Now I return my full attention to baseball and its biggest offseason event: The Winter Meetings.

One might think that, given the outrageous flurry of free agent and trade activity over the past week, the Winter Meetings would be anticlimactic and boring. Cano did what everyone expected and took all of the Mariners’ money.  Carlos Beltran signed with the Yankees. Joe Nathan, Jacoby Ellsbury, Jarrod Saltalamacchia, A.J. Pierzynski, Paul Konerko, Justin Morneau, Scott Kazmir and Ryan Vogelsong all signed deals in, like, a six minute period last week. There were something like seven trades last week involving close to 30 players. The wheel spun ’round and ’round and everyone was cast hither and thither and yon. So this week will just be baseball executives drinking and shooting the breeze and stuff, right?

Not necessarily.

Nelson Cruz, Shin-Soo Choo, Ervin Santana, Matt Garza and Ubaldo Jimenez, Bronson Arroyo, Stephen Drew, Bartolo Colon, Kendrys Morales, Grant Balfour, Corey Hart, James Loney and many, many more free agents are still on the board. Big names like Matt Kemp, Mark Trumbo, David Price, Brett Anderson and Jeff Samardzija are on — or are at least rumored to be on — the trading block. Maybe the sexiest of the sexiest deals have been done, but there is still volume business to attend to on the hot stove.

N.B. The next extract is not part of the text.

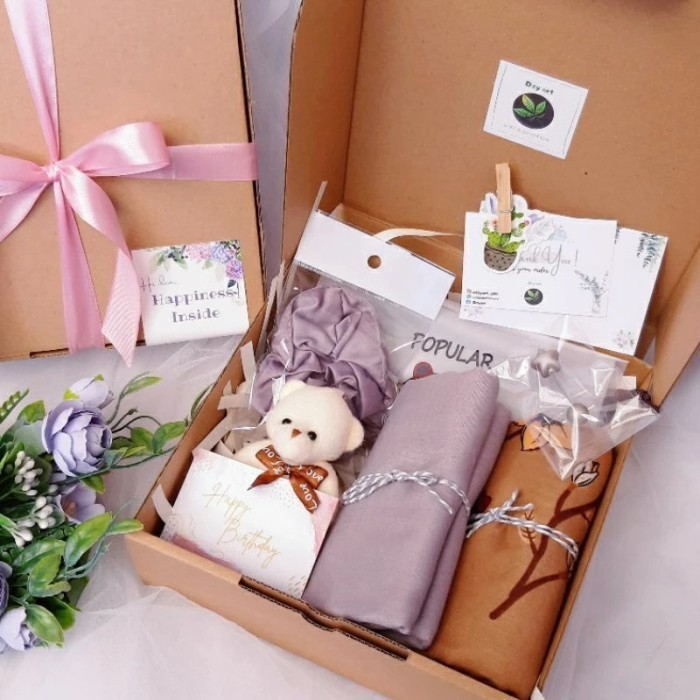 

Hadiah Hijab Box - Hampers Hijab - Parcel Hijab Box Banyak Free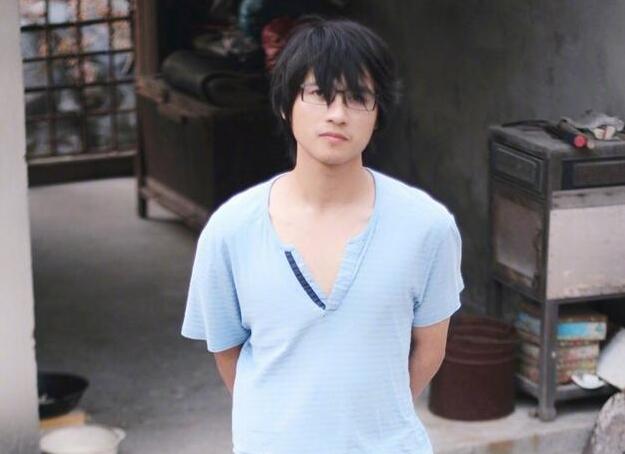 韩寒发文感慨 曾经退学让他很后悔如今提醒大家不要学他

It’s also worth remembering that the Winter Meetings are about more than trades and signings. Indeed, the bulk of the 3,000 or so people who have descended on Disney World don’t care about that stuff. They are here to network, seek jobs and discuss the business of baseball. Ever year we hear about a rule change. Or a proposal for future rule changes. Or changes in the circumstances of the game, be it relocation, realignment, replay or any other “re” you can imagine. The point of meetings are for humans to actually get together rather than send emails around, and as most of you know, when you get face-to-face with someone, more things can get done. Expect the unexpected. Expect something new to come out of Bud Selig’s office before we all go home.

Finally, there is Hall of Fame business to attend to. There’s a great chance that Tony La Russa, Bobby Cox, Joe Torre, George Steinbrenner and maybe — at long, long last — Marvin Miller will be voted into the Hall of Fame by the Veteran’s Committee when it meets later this week. Steve Garvey, Dave Parker, Billy Martin and many others from the 1970s-on are under consideration as well.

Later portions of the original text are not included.